Imperfect

sloppiness and silence

Hill's Silence is better than sloppy content explores both practices in a business context. I want to tackle them from a personal, creative context.

Save feeding the algorithm for expressing yourself. Save the pressure of daily delivery for your preferred speed.

Publish enough and you will inevitably publish poor quality content for your brand. Every post you publish reflects the variance of your standards. Some days get spent toiling through sloppy writing. Other days get spent thriving through peak writing. With enough perseverance and practice, you can signal not only attention to detail overall, but also the hard-fought journey there.

Hill's post shifts gears later on:

Silence isn't a failure.

Often, it just means you are busy serving clients.

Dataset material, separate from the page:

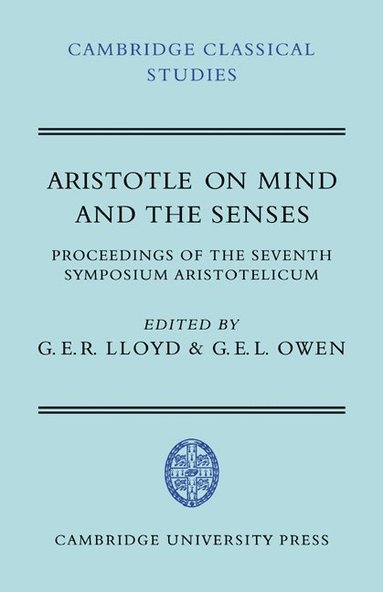 bokomslag Aristotle on Mind and the Senses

Agreed, you can set aside your creative presence when life beckons. You can cherish breaks, then return gracefully once you are ready.

If you do choose to write, don't obsess over perfection. Just aim for progress.

In that spirit, try publishing junk just to fill a gap or otherwise. Learn something valuable from the experiment whether people identify your content as junk or even treasure. Your reputation is worth more than trying and failing to micromanage such subjective interpretations.

Even the sloppiest content can inform transcendental remixes should the right person stumble upon it. Like how imperfect makes perfect, how can you arrange that?